Dans le Val d'Hérens, on cultive le vrai !

20 / 07 / 2019

24h00 et La Tribune de Genève

Dans la région d’Évolène, «on cultive le vrai, on ne triche pas»
Nature, patrimoine bâti, habitants: le haut val d’Hérens irradie d’une authenticité qui lui vaut son image de contrée du bout du monde et une mentalité d’un autre âge. Les acteurs touristiques locaux ont décidé d’en faire un atout majeur.


24h00 - 20-21 juillet 2019
Texte : Karim Di Matteo | Photos : Chantal Devey

Dites «Évolène» à un Valaisan de la plaine, et vous lirez dans son regard des images de confins du monde. Une enclave fantasmée, peuplée de vaches d’Hérens et terre de chalets d’antan, de patois, de nature sauvage et de mentalité figée dans le temps. «Au début, quand j’allais à l’école à Sion, je ne disais pas que je parlais le patois. On me disait aussi «Tu descends depuis Évolène?» comme si c’était à 100 kilomètres, alors qu’on est à une demi-heure», sourit Dylan Métrailler, jeune directeur d’Évolène Région Tourisme. Son ami et collègue Florian Pannatier fait le même constat en évoquant le fameux carnaval local et ses magnifiques costumes de monstres aux visages si expressifs. «Au début, les touristes étrangers trouvaient ces sauvages poilus qui paradent plutôt rebutants. Jusqu’à ce qu’on explique. Aujourd’hui, notre authenticité devient notre force.»

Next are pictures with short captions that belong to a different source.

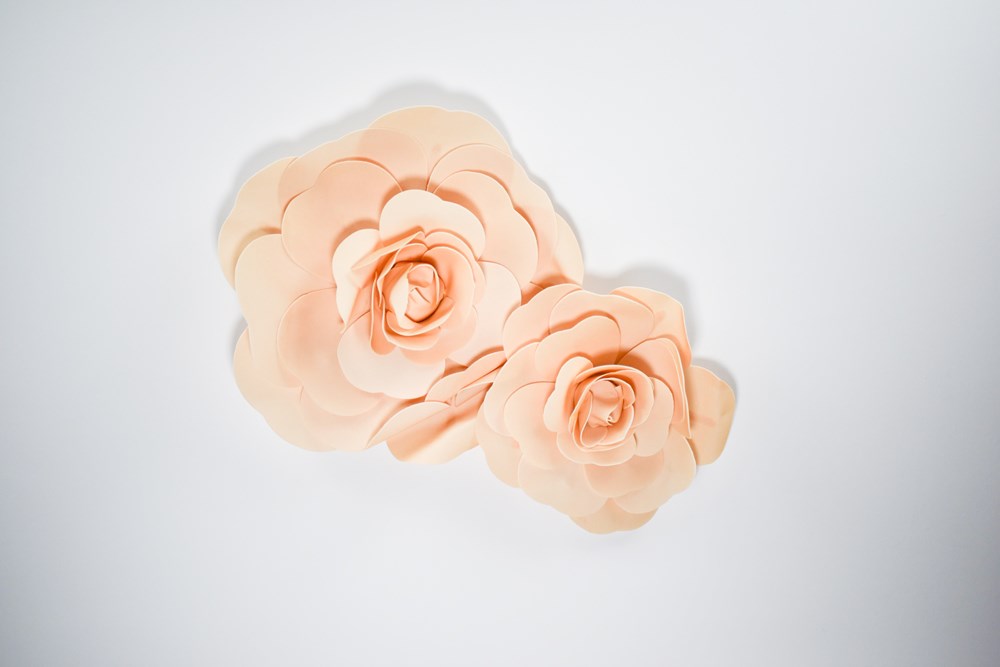 Two taupe decorative wall flowers in 12-inch and 16-inch sizes with layered petals.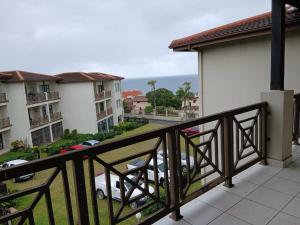 a balcony with a view of a parking lot at 54 Topanga Holiday Accommodation in Margate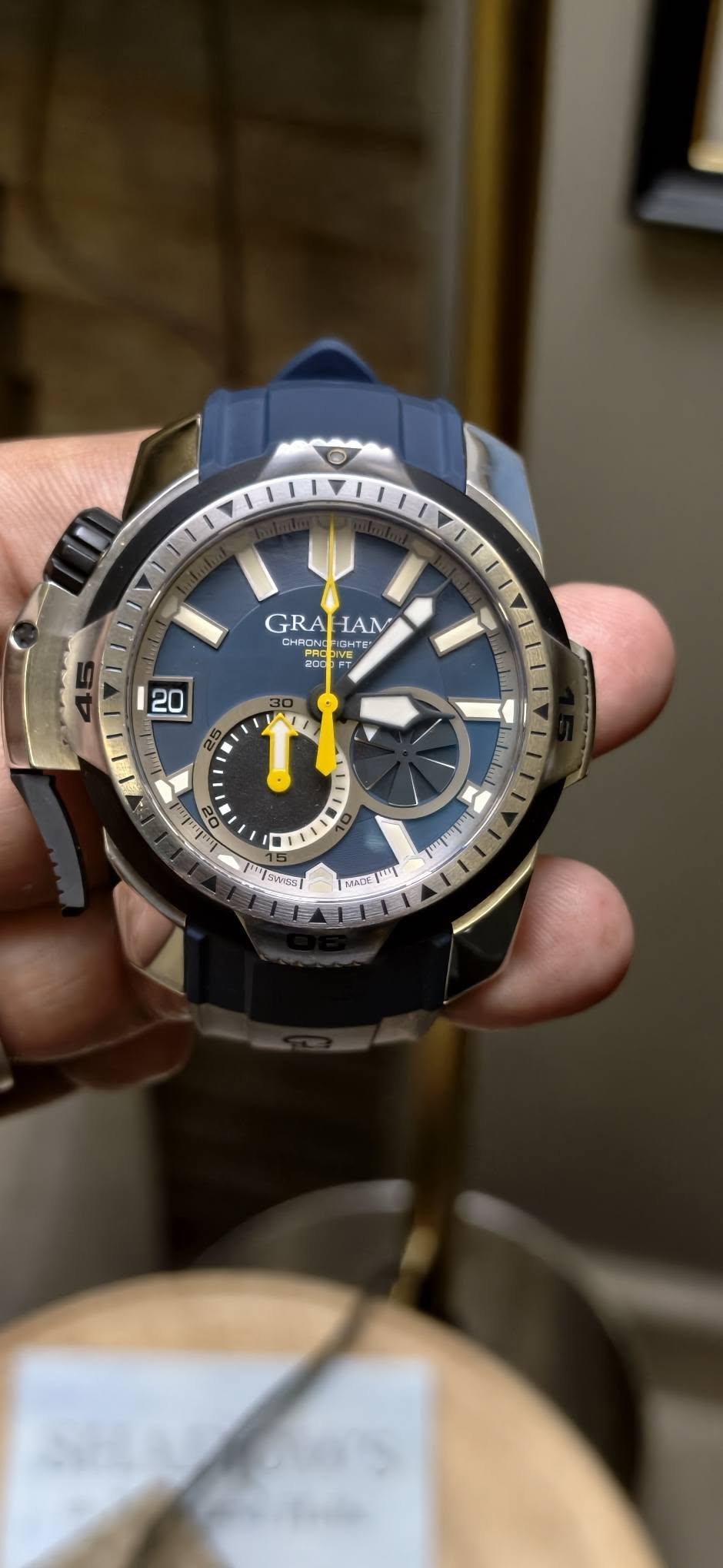 May be an image of wrist watch and text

À l’heure du déclin du ski, les trois petites stations du haut val d’Hérens – Évolène, Arolla et La Forclaz – ont du reste choisi de se profiler sur une clientèle familiale et fidèle, ainsi que sur le ski nordique. Il serait vain, ont-elles jugé, de chercher désespérément à courir derrière les grands domaines comme Crans-Montana et Verbier sur la voie de l’industrialisation de masse. «Un expert en tourisme m’a dit que nous avions pris 50 ans de retard, qui nous donnent aujourd’hui 50 ans d’avance, reprend Dylan Métrailler. Ici, tout est vrai. Nous sommes une vallée alpine qui a su entrer dans la modernité sans se dénaturer, sans tricher. C’est une carte à jouer.»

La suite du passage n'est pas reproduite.